Clearly, it is an undesirable state of affairs to have a prior probability of approximately .30 of obtaining a Heywood case, when in fact none of the unique variances in the population is less than .64, and the factor model fits perfectly in the population.

The question is, would a larger sample size have avoided this problem? Why not find out? When time permits, feel free to experiment with the Monte Carlo analysis. Below is a scatterplot graph (with exponential fit) representing the results of a brief study. This study examined percentage of boundary cases at sample sizes of  75, 150, and 225.

Information such as that obtained in the study just described could be extremely valuable to someone planning a confirmatory factor analytic study, because it allows you to examine, before gathering data, how the estimation procedure will behave "if everything goes according to plan." Needless to say, if the estimation procedure has problems under such ideal conditions, you need to try to eliminate the source of the problem.

The kind of "prior" Monte Carlo analysis we just conducted can furnish additional valuable information. One of the most useful areas of information is an estimate of precision of estimation you are likely to achieve with a given level of sample size.  

Suppose, for example, you gather a sample of size 75. What kind of precision of estimation will you achieve in your confirmatory factor analysis if everything goes well?

The Monte Carlo study has given you a considerable amount of relevant information. Simply examine the parameter estimates generated for each parameter across the 50 replications.

For example, click on the variable heading PAR_1 to select that column. Then right-click in the highlighted column to display the shortcut menu.
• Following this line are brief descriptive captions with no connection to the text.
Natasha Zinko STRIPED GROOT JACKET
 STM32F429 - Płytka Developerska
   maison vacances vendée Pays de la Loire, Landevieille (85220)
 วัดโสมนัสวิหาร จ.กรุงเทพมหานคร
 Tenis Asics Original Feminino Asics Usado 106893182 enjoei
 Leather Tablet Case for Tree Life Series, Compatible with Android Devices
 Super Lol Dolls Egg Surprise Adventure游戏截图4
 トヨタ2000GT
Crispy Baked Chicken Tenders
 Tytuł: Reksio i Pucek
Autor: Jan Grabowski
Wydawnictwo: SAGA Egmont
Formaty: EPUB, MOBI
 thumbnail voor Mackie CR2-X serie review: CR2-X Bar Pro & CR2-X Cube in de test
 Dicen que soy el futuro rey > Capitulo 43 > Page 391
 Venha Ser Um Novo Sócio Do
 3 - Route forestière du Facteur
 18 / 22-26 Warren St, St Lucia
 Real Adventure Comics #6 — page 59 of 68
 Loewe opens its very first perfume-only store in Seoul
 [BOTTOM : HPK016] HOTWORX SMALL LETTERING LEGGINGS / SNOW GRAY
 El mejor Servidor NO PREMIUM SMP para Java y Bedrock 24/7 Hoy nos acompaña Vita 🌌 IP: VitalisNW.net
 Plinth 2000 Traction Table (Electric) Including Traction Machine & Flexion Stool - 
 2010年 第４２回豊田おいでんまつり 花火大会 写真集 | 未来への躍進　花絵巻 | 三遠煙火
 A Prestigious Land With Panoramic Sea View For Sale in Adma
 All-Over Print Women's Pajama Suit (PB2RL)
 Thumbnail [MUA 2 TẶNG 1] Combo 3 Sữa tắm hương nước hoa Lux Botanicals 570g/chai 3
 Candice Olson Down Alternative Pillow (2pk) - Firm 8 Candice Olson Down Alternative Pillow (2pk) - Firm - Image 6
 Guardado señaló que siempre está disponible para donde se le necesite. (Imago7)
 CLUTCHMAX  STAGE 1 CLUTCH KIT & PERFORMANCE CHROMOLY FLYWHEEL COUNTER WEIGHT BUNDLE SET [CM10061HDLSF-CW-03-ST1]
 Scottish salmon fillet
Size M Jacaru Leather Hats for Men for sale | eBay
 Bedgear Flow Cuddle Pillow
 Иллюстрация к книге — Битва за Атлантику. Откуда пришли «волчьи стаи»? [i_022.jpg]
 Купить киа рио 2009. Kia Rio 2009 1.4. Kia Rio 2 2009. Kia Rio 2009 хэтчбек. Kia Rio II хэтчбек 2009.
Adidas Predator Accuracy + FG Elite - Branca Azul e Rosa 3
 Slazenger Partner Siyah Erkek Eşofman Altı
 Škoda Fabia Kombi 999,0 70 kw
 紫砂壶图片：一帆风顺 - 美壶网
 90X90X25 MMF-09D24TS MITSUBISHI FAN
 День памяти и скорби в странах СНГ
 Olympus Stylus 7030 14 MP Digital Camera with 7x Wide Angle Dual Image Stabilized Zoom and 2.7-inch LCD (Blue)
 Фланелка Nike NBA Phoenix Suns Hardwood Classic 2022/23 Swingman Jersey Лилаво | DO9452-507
Select Graphs of Block Data - Histogram: Entire Columns.

This action will generate a histogram of the values generated for parameter number 1. This histogram furnishes you with a bootstrapped approximation to the sampling distribution of parameter number 1. The standard deviation of this bootstrapped distribution provides an estimate of the standard error of the parameter estimate.

To obtain the standard deviation, right-click in the PAR_1 variable column again, and from the shortcut menu select Statistics of Block Data - Block Columns - All. This will generate basic statistics for the 50 Monte Carlo replications.

A new spreadsheet will be created with the results.

The standard deviation is .138. Since a 95% confidence interval is roughly plus or minus two standard errors, the estimated confidence intervals for each parameter are typically going to be the parameter estimate ±.37. Many experimenters might conclude that this sort of range falls somewhat short of the precision desirable in such an estimate.

In this case, our bootstrapped estimate of the standard error may be biased because we included, in our calculations, the trials on which Heywood cases occurred. By using the Graphs of Block Data facilities or Statistics of Block Data options, you can examine this notion yourself.

In a similar fashion, you could examine, a priori, the kind of precision you will obtain in confidence interval estimates of the non-centrality based fit indices.  

In this example, we showed how you can execute a Monte Carlo study, save the results, and analyze them immediately without ever leaving the SEPATH module. You have many other analytic options, of course. You can open the Monte Carlo data file you have saved, and use Graphs of Block Data or Statistics of Block Data (both available from the shortcut menu) to explore the trends further. Alternatively, you can launch another STATISTICA module (such as Basic Statistics and Tables) and pursue the analysis even further. The point is, the Monte Carlo analysis facility is closely integrated with other analytic facilities and tools of the STATISTICA system. You can design, execute, analyze, and graph your Monte Carlo results, all without leaving the STATISTICA environment. This is in keeping with our philosophy that such analysis, performed prior to actual gathering of data, can be crucial to the proper design and execution of research involving structural models.